On a road outside a grain town I see a small half-starved brindle dog trotting along the verge of the road and I cry. The reptile tourist park near the Goonah Reservoir has a hand-painted tin sign attached to the gate saying
Closed for Business.
I cry. A magpie swoops across the road so close to the car I am afraid I've killed it, and even when I see it soar into the air behind me, I cry.

After two hours, the car's temperature is heading toward the red zone, so I pull over into a truck rest stop and turn off the engine.

I don't know how I can live in Gunapan without Norm.

29

I REMEMBER NORM
saying to me once that he wished he was Irish because they knew how to send people off.

“A slab of beer, a barbie, and a good laugh,” he said. “That's how I like to say goodbye to a mate.”

But no one laughed at Norm's send-off. It was too sudden. We weren't prepared.

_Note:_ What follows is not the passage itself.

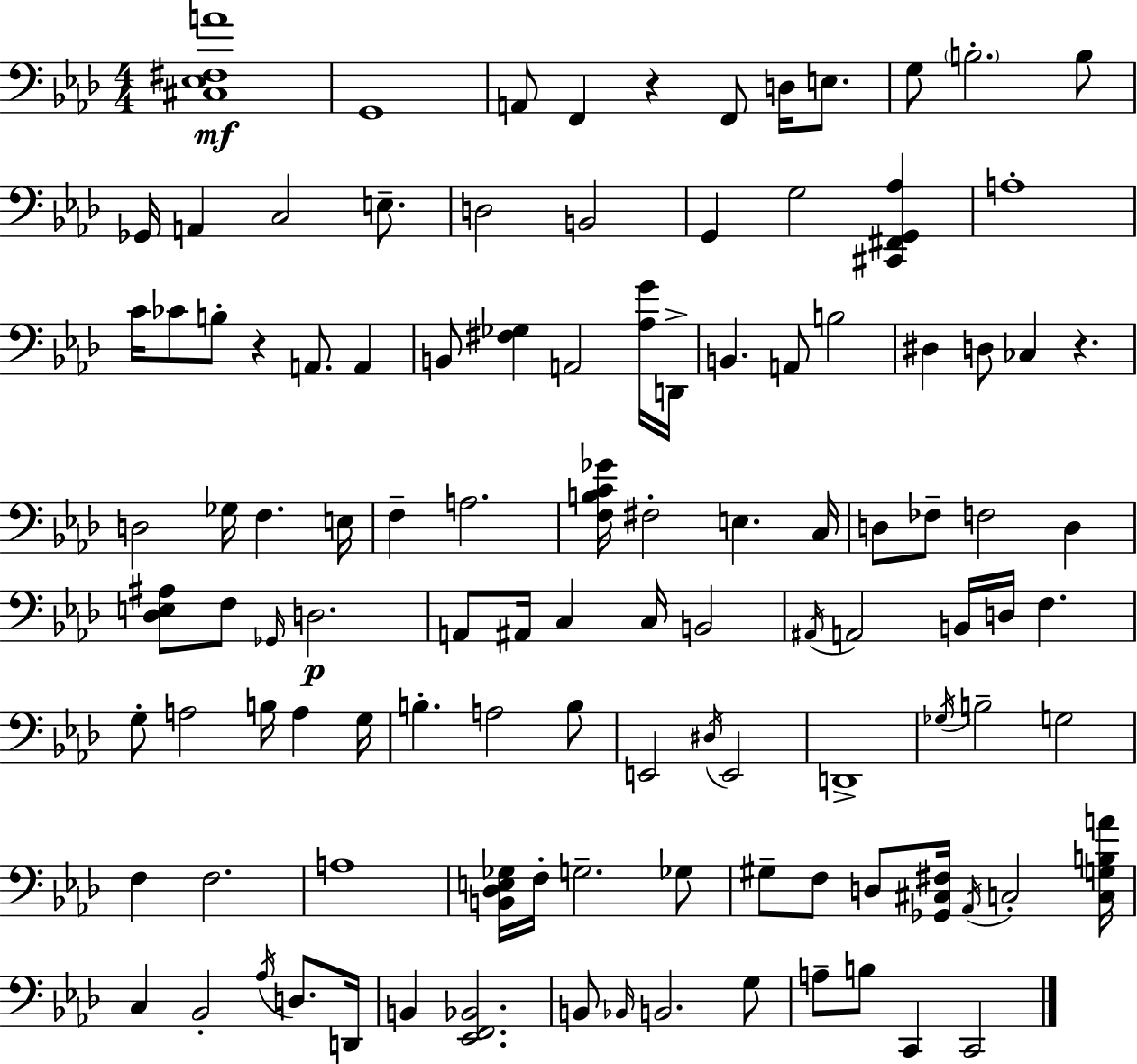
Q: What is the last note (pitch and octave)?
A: C2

In the days after he died, the
Shire Herald
was full of notices from people everywhere. Melissa and Jake and I cut them out of the newspaper and pasted them into a book. We put in photos of Norm that I'd taken over the years, and some of the notes from him—often written on the backs of betting slips—that I'd stuck to the fridge because of their Normness.

The service passed by in a flash with women crying and sobbing and blokes consoling each other with handshakes, arm jabs, and nods. Marg said a few words and so did Justin. I hardly heard a thing because I was blowing my nose most of the time, or trying to cuddle Melissa, who wanted a cuddle but was trying to pretend she didn't, or grabbing hold of Jake every time he started inching toward the door of the church where men had gathered in the back pews to slap each other's
backs and nod and grunt meaningfully before they headed off to the pub for a few beers. I heard there was some unrestrained male sobbing in the pub car park later that night.

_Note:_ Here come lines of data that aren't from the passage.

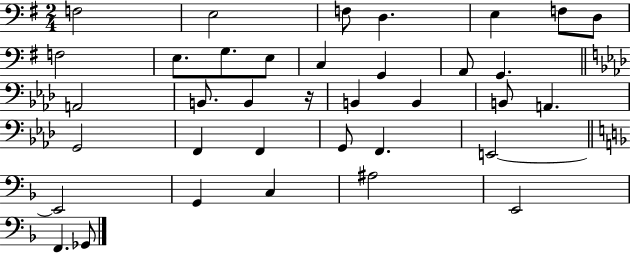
X:1
T:Untitled
M:2/4
L:1/4
K:G
F,2 E,2 F,/2 D, E, F,/2 D,/2 F,2 E,/2 G,/2 E,/2 C, G,, A,,/2 G,, A,,2 B,,/2 B,, z/4 B,, B,, B,,/2 A,, G,,2 F,, F,, G,,/2 F,, E,,2 E,,2 G,, C, ^A,2 E,,2 F,, _G,,/2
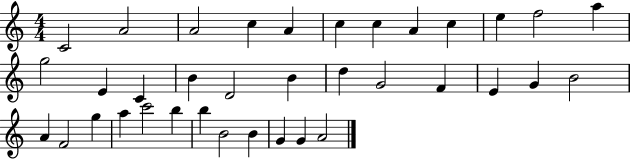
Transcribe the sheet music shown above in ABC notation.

X:1
T:Untitled
M:4/4
L:1/4
K:C
C2 A2 A2 c A c c A c e f2 a g2 E C B D2 B d G2 F E G B2 A F2 g a c'2 b b B2 B G G A2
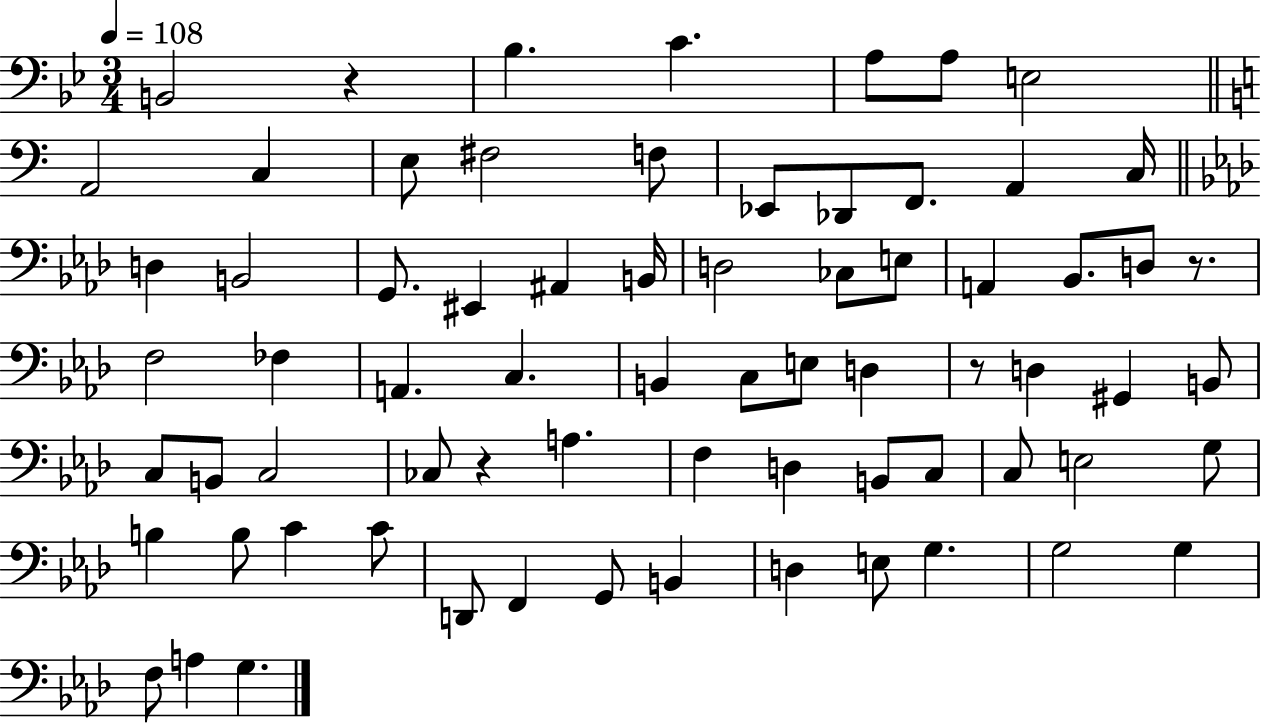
X:1
T:Untitled
M:3/4
L:1/4
K:Bb
B,,2 z _B, C A,/2 A,/2 E,2 A,,2 C, E,/2 ^F,2 F,/2 _E,,/2 _D,,/2 F,,/2 A,, C,/4 D, B,,2 G,,/2 ^E,, ^A,, B,,/4 D,2 _C,/2 E,/2 A,, _B,,/2 D,/2 z/2 F,2 _F, A,, C, B,, C,/2 E,/2 D, z/2 D, ^G,, B,,/2 C,/2 B,,/2 C,2 _C,/2 z A, F, D, B,,/2 C,/2 C,/2 E,2 G,/2 B, B,/2 C C/2 D,,/2 F,, G,,/2 B,, D, E,/2 G, G,2 G, F,/2 A, G,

Now that a week has passed, the number of people dropping off casseroles and cakes and frozen meals has slowed down. I'd been delivering most of them on to Justin anyway. I'm sure they would have taken stuff directly to him, but barely anyone in town has officially met him yet, although a few blokes have started turning up to the yard again, probably missing their long consultations. When I delivered the last batch of food, I found Justin standing in the middle of the yard, staring at the horizon. He looked so lonely I wanted to hug him.